[Problem to solve] In the reply, give back exactly the lines from the one with "2CD Benjamin Wallfisch: It: Welcome" through the last line of the records, without pictures.

━━━━━ Stored data ━━━━━

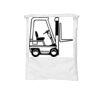 Sublimation stuff bag Thumbnail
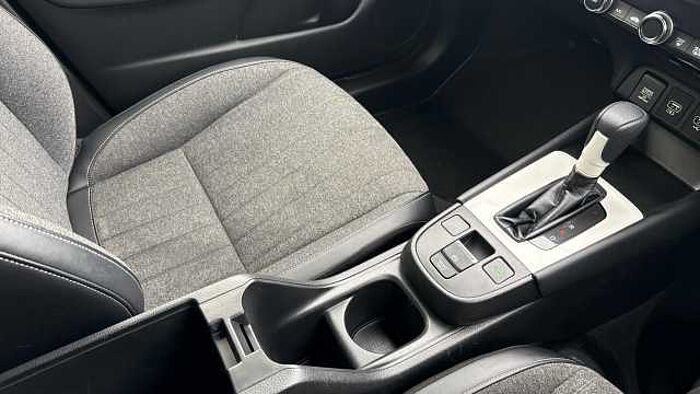 Honda Jazz Hybrid 1.5 i-MMD Hybrid SR 5dr eCVT 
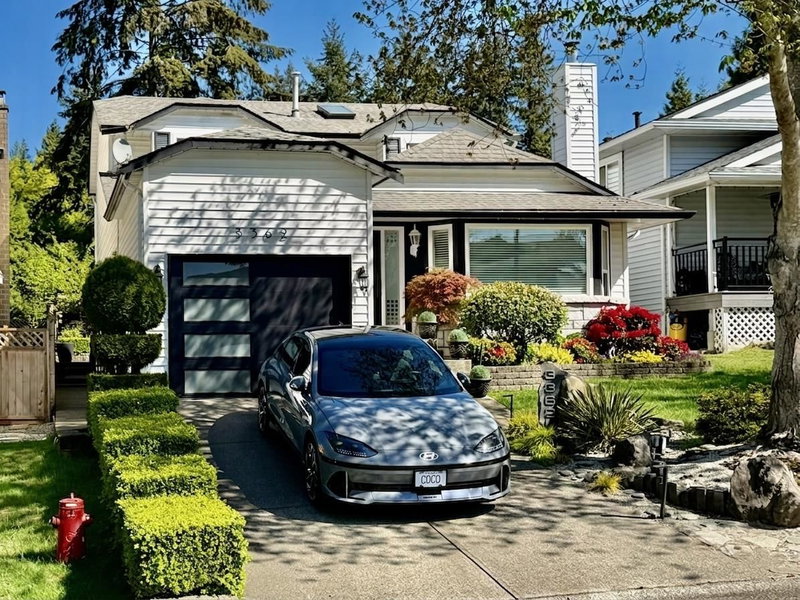 3362 Manning Crescent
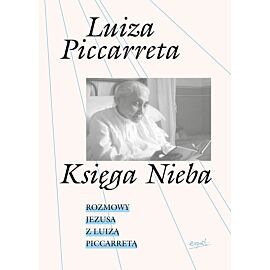 Księga Nieba (e-book)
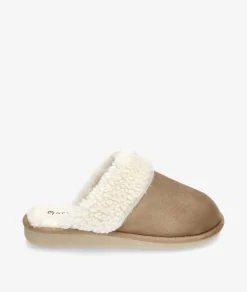 Mujer Garzón Zapatillas De Casa*Zapatillas de casa P155
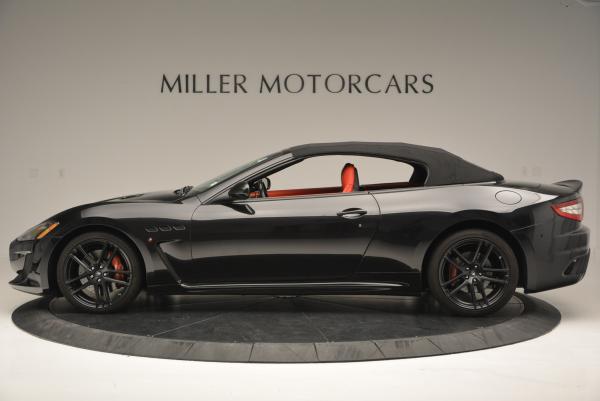 Used 2013 Maserati GranTurismo MC for sale Sold at Alfa Romeo of Greenwich in Greenwich CT 06830 15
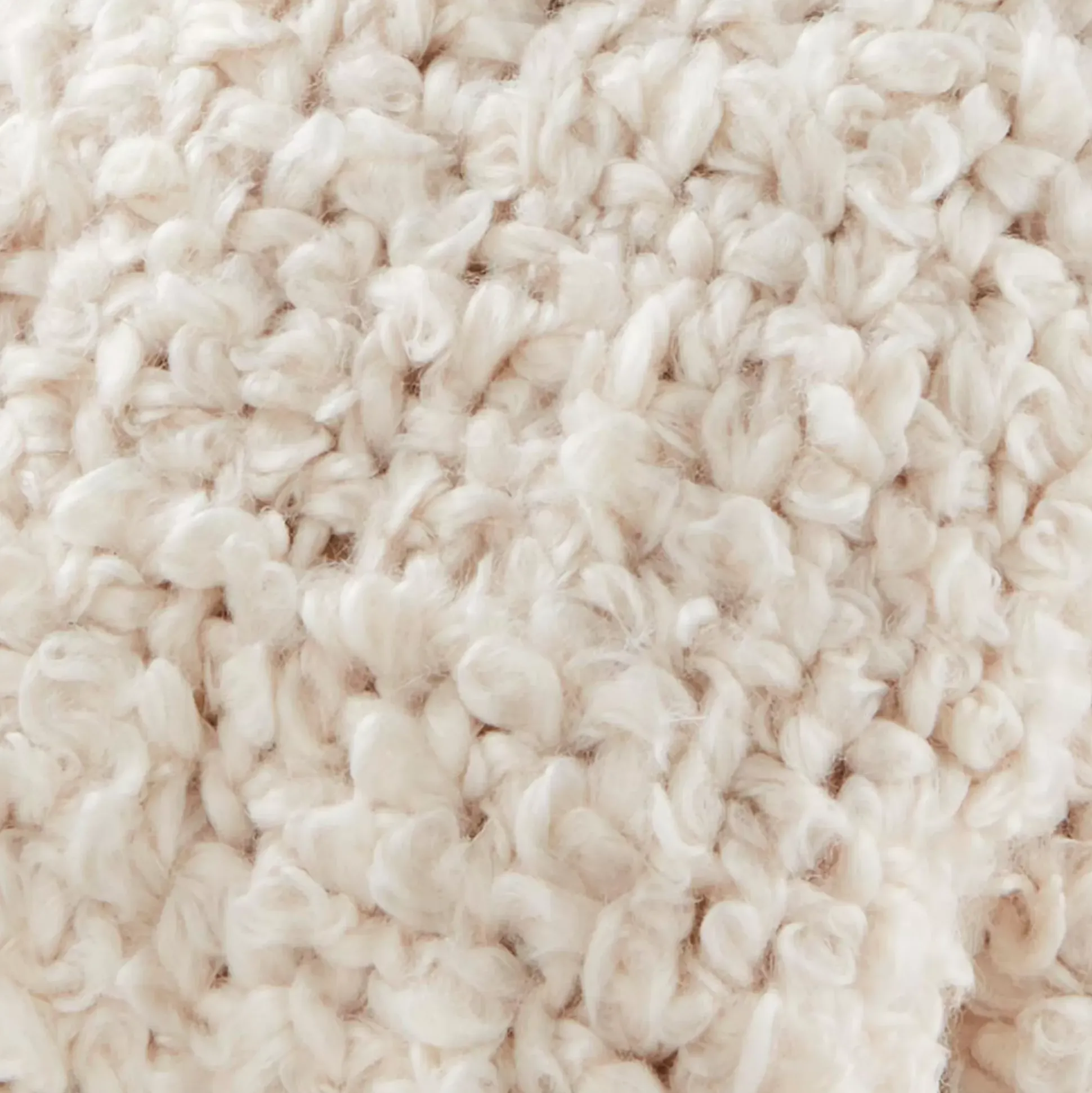 Mantas<CASA Bruce Manta Blanco Apagado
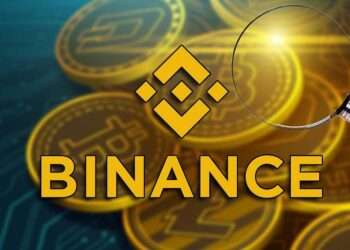 Binance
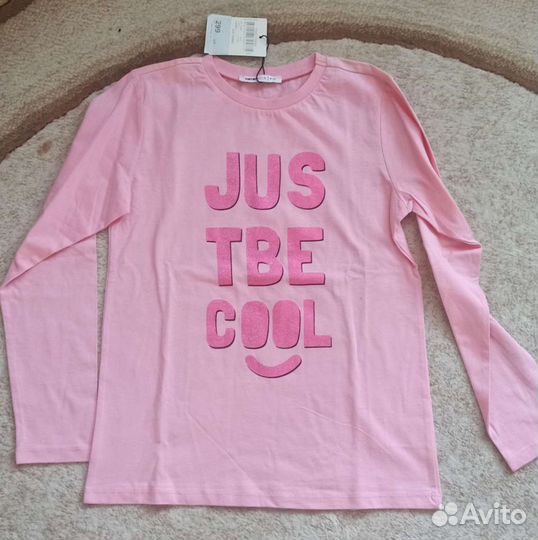 Кофта для девочки Koton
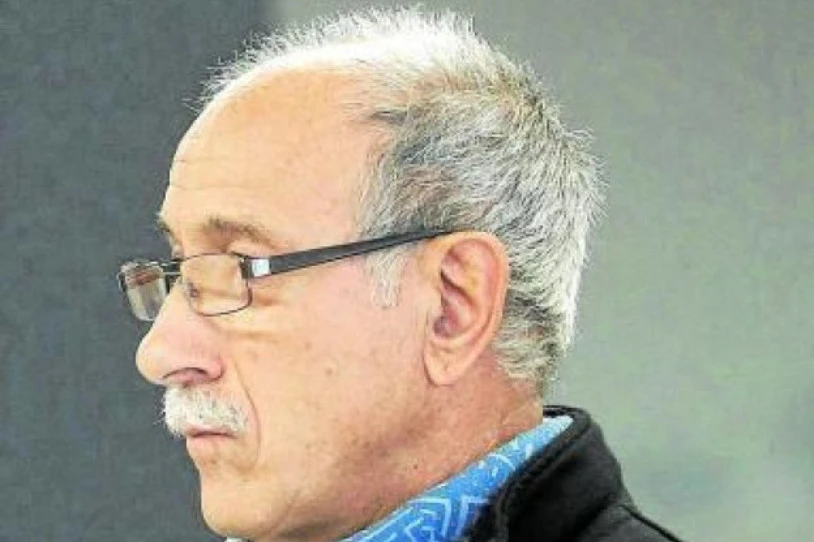 Berriz kartzelaratu dute Joseba Arregi preso politikoa
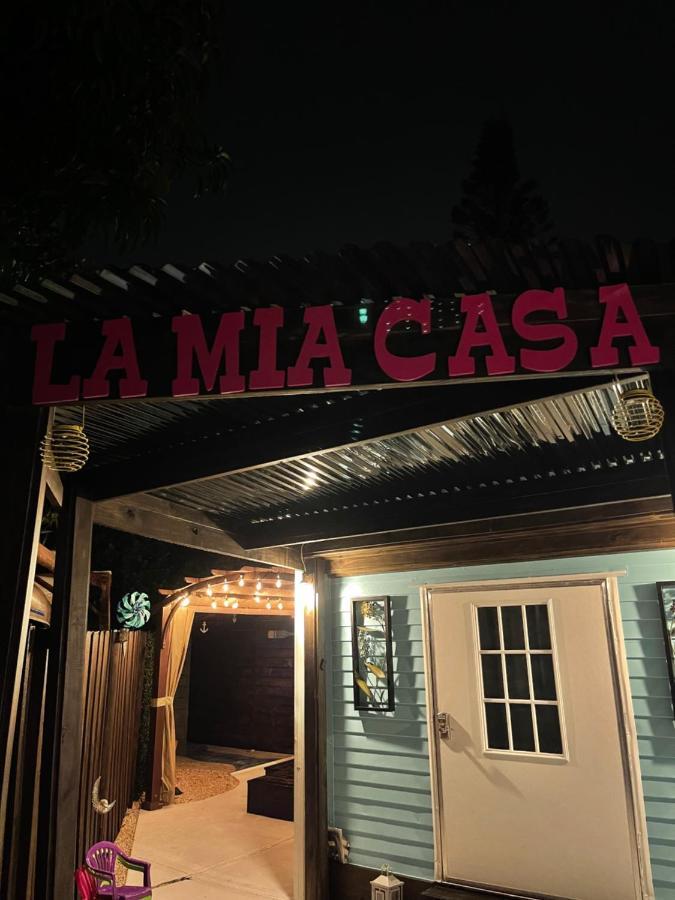 Willa La Mia Casa Sarasota Zewnętrze zdjęcie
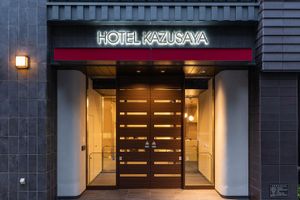 Alojamiento - Kazusaya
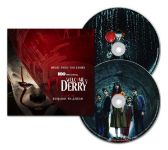 2CD Benjamin Wallfisch: It: Welcome To Derry (OST)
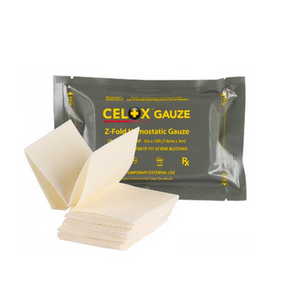 Z-Fold Gauze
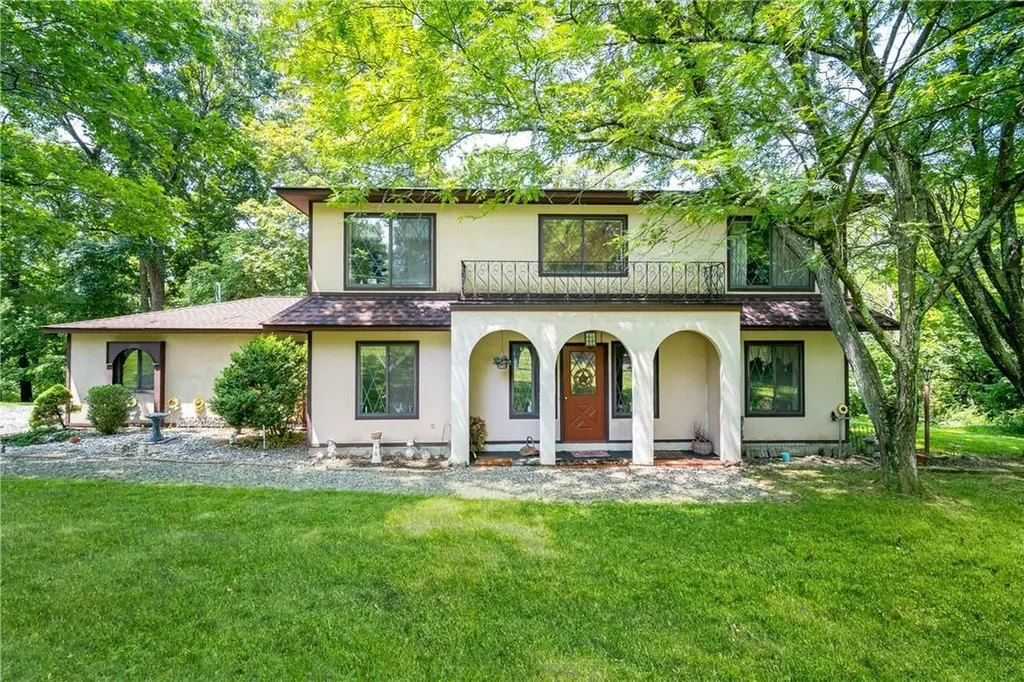 370 Sunset Hill Road E Fishkill NY 12524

━━━━━

[Answer box]
 2CD Benjamin Wallfisch: It: Welcome To Derry (OST)
 Z-Fold Gauze
 370 Sunset Hill Road E Fishkill NY 12524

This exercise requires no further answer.